*SUPPLIED RECORDS:*
[Start of section]
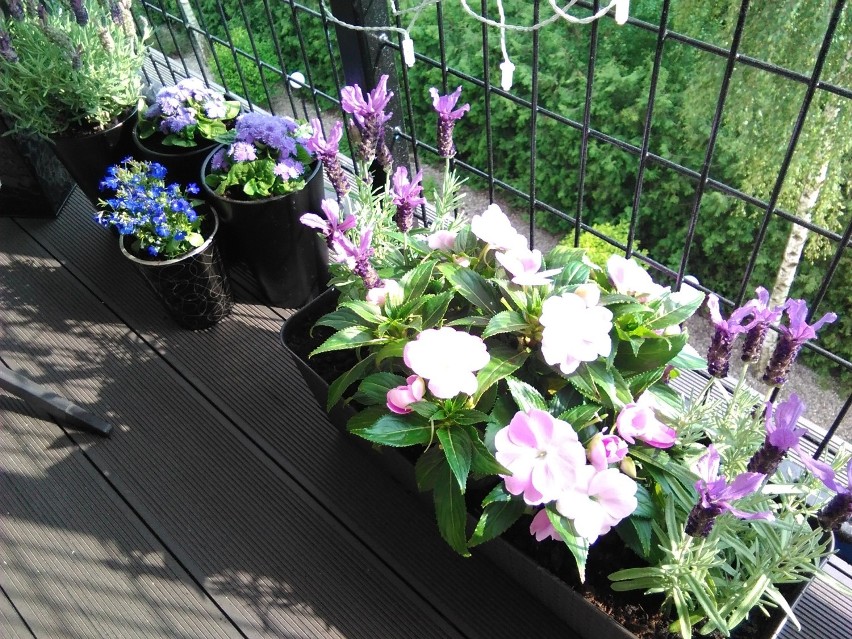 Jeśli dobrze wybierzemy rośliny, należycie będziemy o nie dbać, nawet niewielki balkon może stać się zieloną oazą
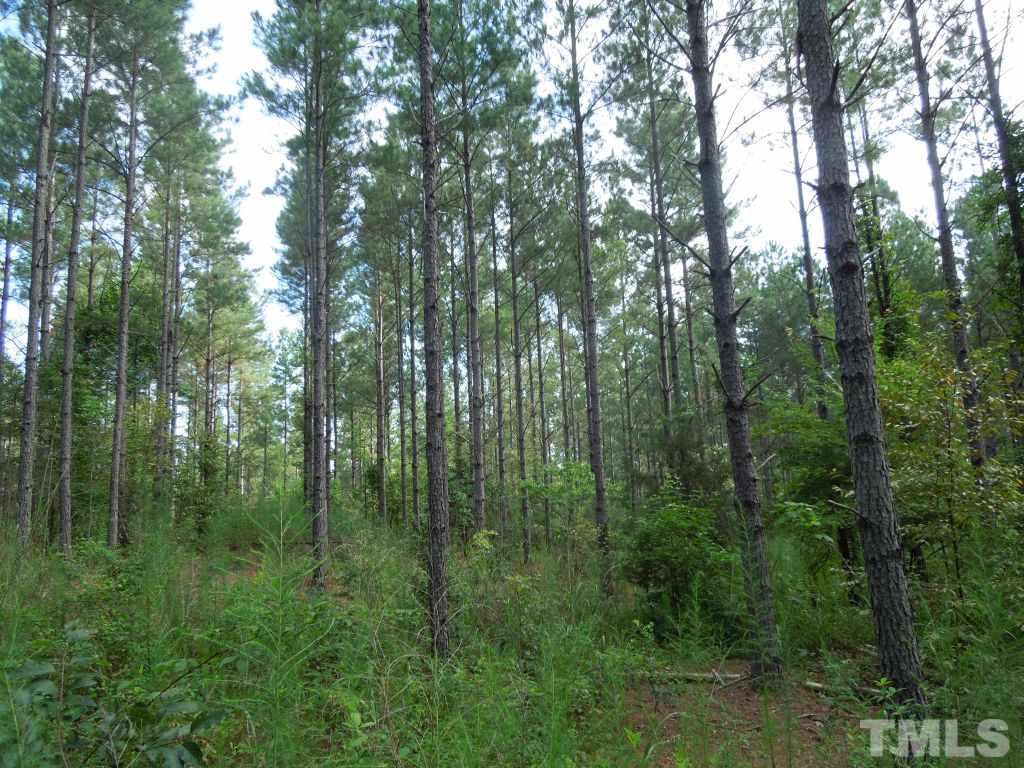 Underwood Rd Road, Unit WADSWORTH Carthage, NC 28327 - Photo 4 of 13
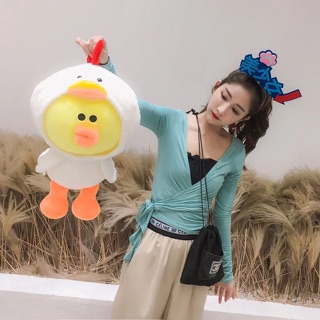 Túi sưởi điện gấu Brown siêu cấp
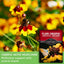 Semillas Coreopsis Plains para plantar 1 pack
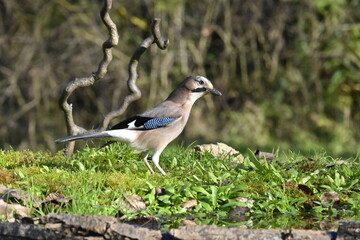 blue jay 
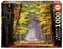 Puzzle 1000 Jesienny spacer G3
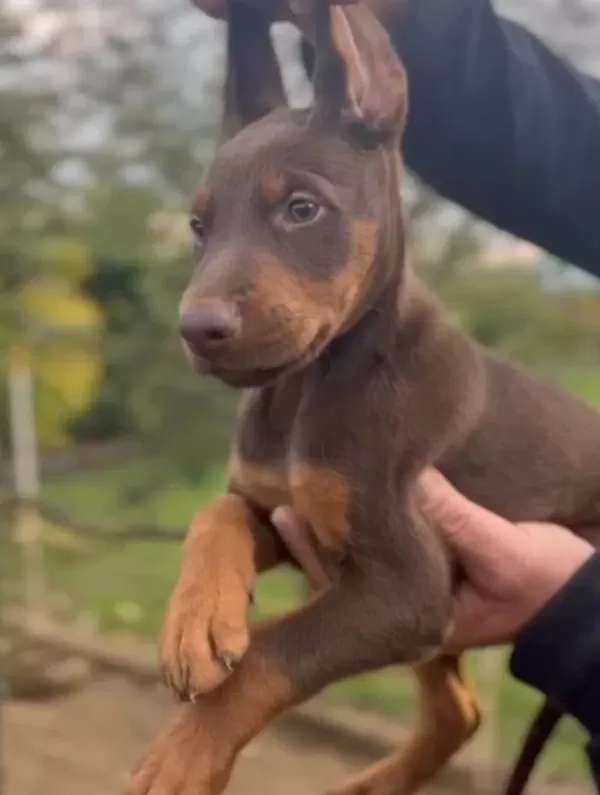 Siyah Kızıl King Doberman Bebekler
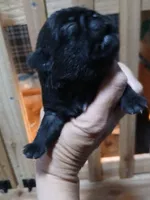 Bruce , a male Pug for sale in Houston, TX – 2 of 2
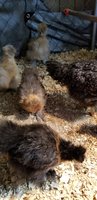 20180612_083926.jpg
[End of section]
*TASK OBJECTIVE:*
Once the line containing "Semillas Coreopsis Plains" has been found, write out exactly that line and each one after it through the end of the data, leaving out every picture.

*RESULT OF THE EXERCISE:*
 Semillas Coreopsis Plains para plantar 1 pack
 blue jay 
 Puzzle 1000 Jesienny spacer G3
 Siyah Kızıl King Doberman Bebekler
 Bruce , a male Pug for sale in Houston, TX – 2 of 2
 20180612_083926.jpg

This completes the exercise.